▸ **EXERCISE DETAILS**
Set down precisely the lines from the line with "Against the Gods ตอนที่ 3 หน้า 15" through the end of the material, inclusive, and no pictures.

********

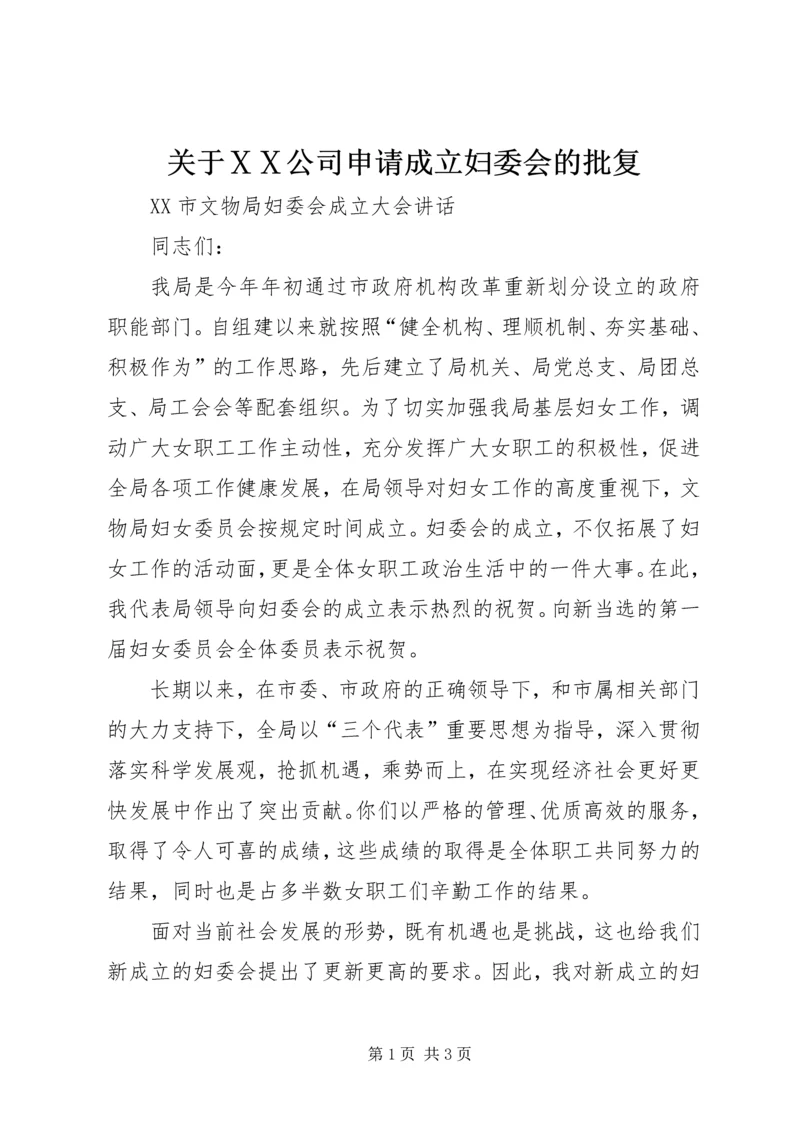 关于ⅩⅩ公司申请成立妇委会的批复.docx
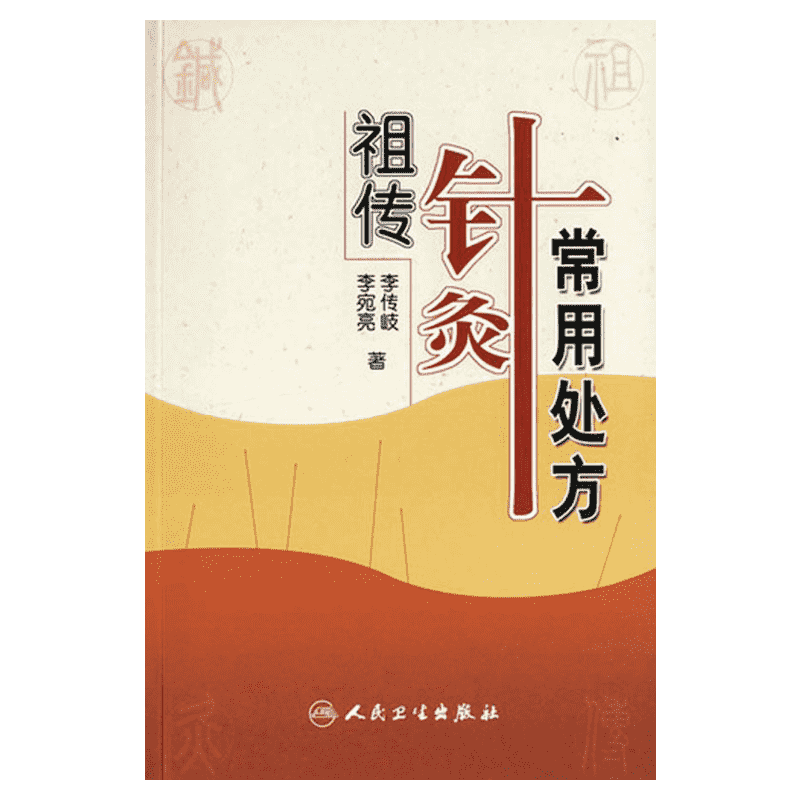 祖传针灸常用处方 人民卫生出版社 李传岐  等著 口腔科学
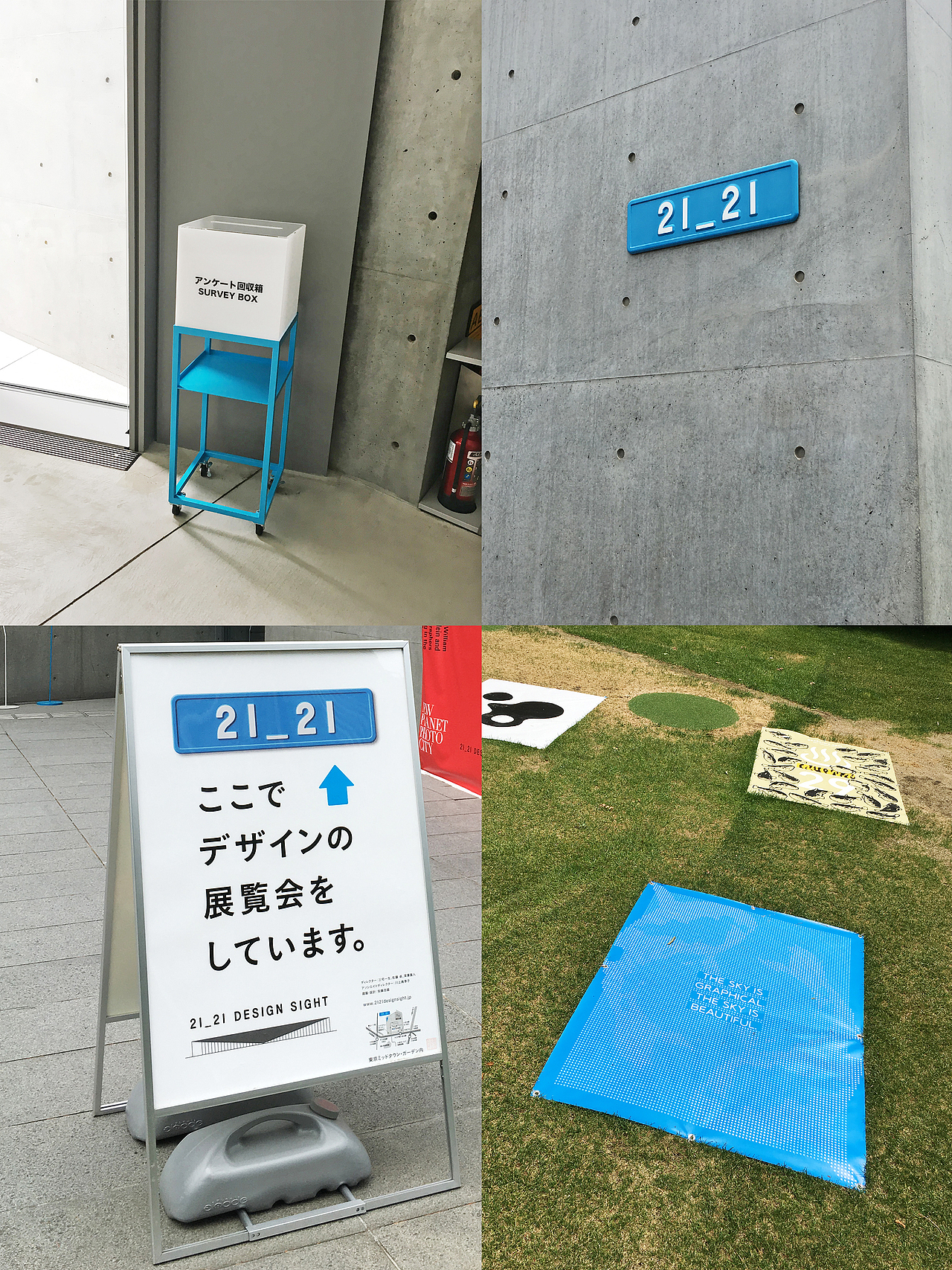 赴日本看各种艺术展览！！！（图ZMTIwNTE0NDc2） - 人文/纪实摄影 - 站酷设计师simv原创素材 - 站酷ZCOOL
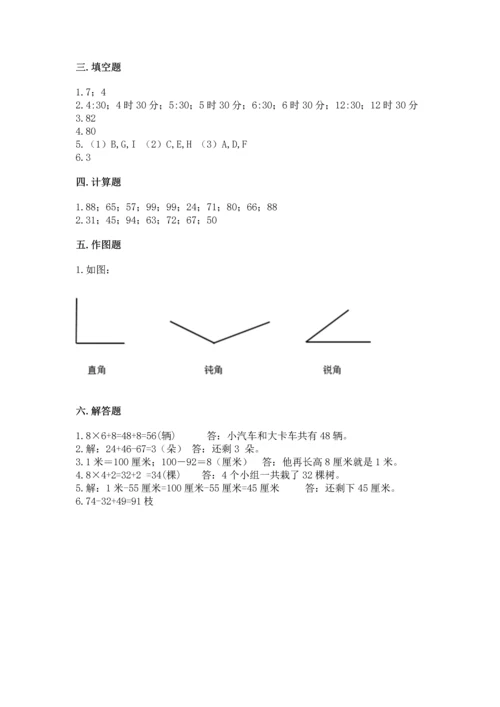 二年级上册数学期末测试卷含答案【培优b卷】.docx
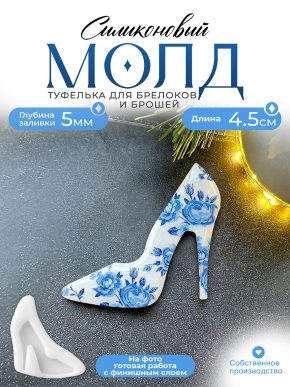 Молд №611 Каблук  Туфля, Туфелька 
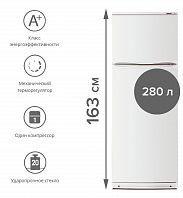 Холодильник ATLANT МХМ-2835-95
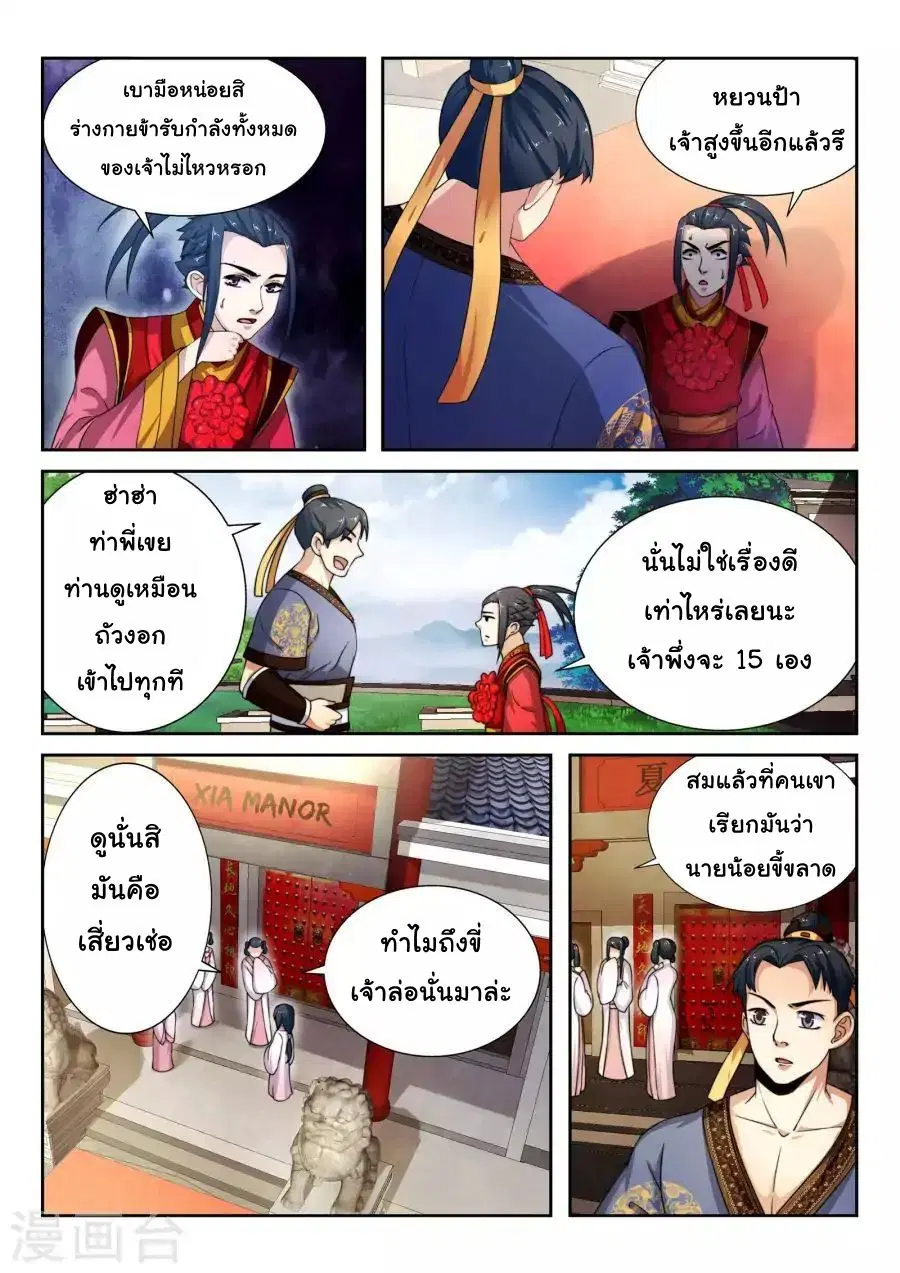 Against the Gods ตอนที่ 3 หน้า 15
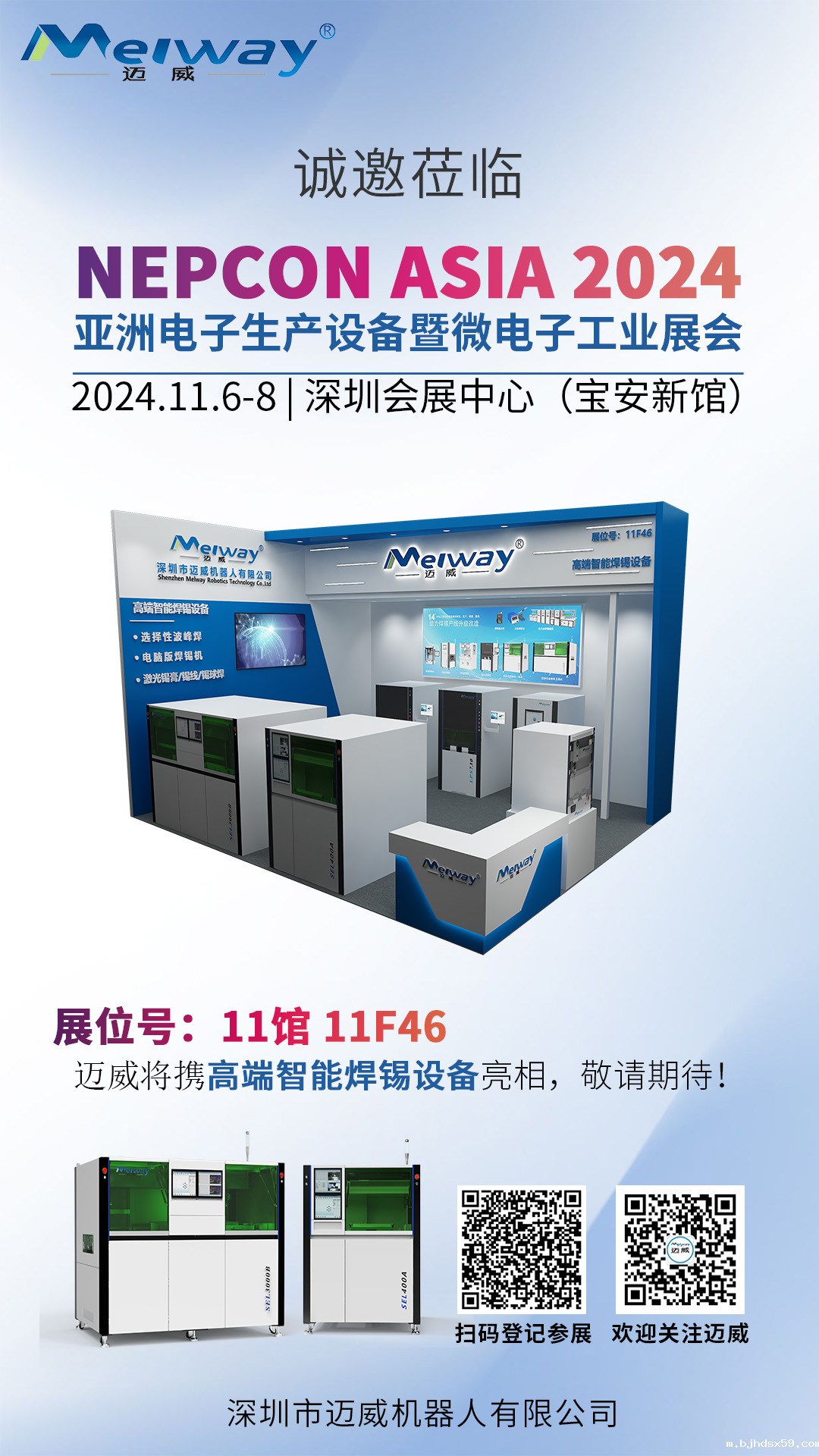 1729674558107666.jpg 邀请函源文件(终版).jpg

********

▸ **TASK RESULT**
 Against the Gods ตอนที่ 3 หน้า 15
 1729674558107666.jpg 邀请函源文件(终版).jpg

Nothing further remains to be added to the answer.